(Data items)
____

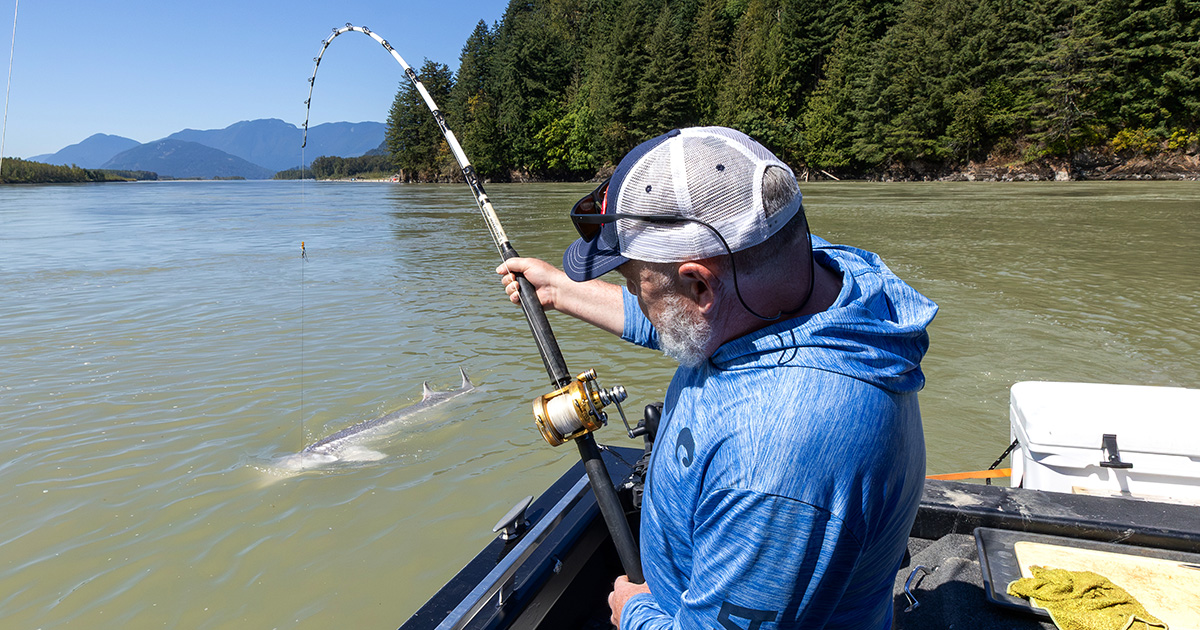 Jurassic Classic sturgeon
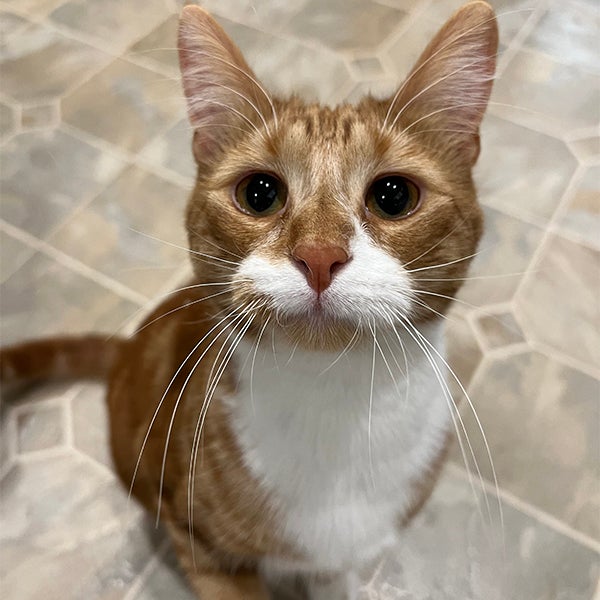 Orange cat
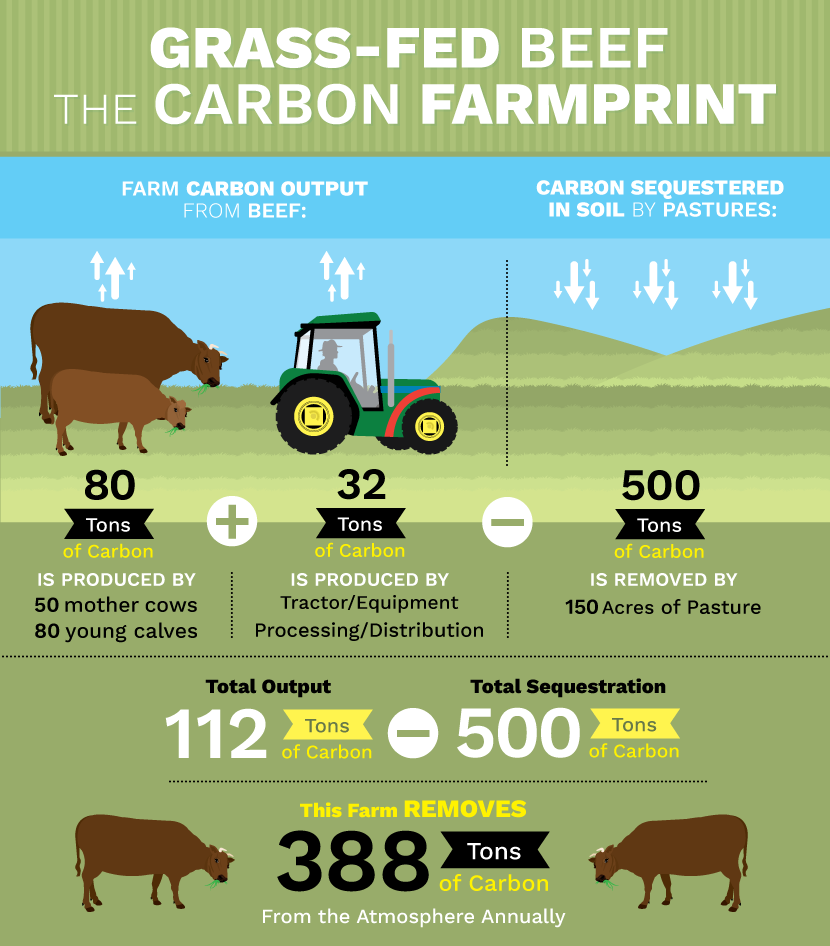 Soil carbon market could grow quickly globally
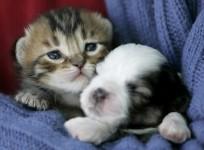 Unusual Friendship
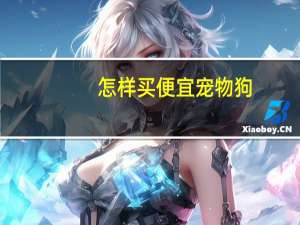 怎样买便宜宠物狗
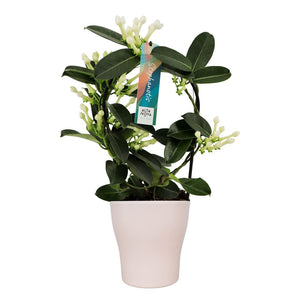 Stephanotis Flowering Plant – 13cm Ceramic Pot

____

▸ DIRECTIONS:
Copy each line above precisely, dropping the pictures.

▸ RESULT OF THE EXERCISE:
 Jurassic Classic sturgeon
 Orange cat
 Soil carbon market could grow quickly globally
 Unusual Friendship
 怎样买便宜宠物狗
 Stephanotis Flowering Plant – 13cm Ceramic Pot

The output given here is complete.